Print out the full listing, exactly.

- _Information supplied_:
☆ ☆ ☆ ☆ ☆ ☆ ☆

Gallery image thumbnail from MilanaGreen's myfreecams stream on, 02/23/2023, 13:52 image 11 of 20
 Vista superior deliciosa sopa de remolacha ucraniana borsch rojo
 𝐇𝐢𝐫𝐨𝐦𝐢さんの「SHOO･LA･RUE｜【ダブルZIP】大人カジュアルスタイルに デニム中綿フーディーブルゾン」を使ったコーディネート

☆ ☆ ☆ ☆ ☆ ☆ ☆

- _Solution for this problem_:
Gallery image thumbnail from MilanaGreen's myfreecams stream on, 02/23/2023, 13:52 image 11 of 20
 Vista superior deliciosa sopa de remolacha ucraniana borsch rojo
 𝐇𝐢𝐫𝐨𝐦𝐢さんの「SHOO･LA･RUE｜【ダブルZIP】大人カジュアルスタイルに デニム中綿フーディーブルゾン」を使ったコーディネート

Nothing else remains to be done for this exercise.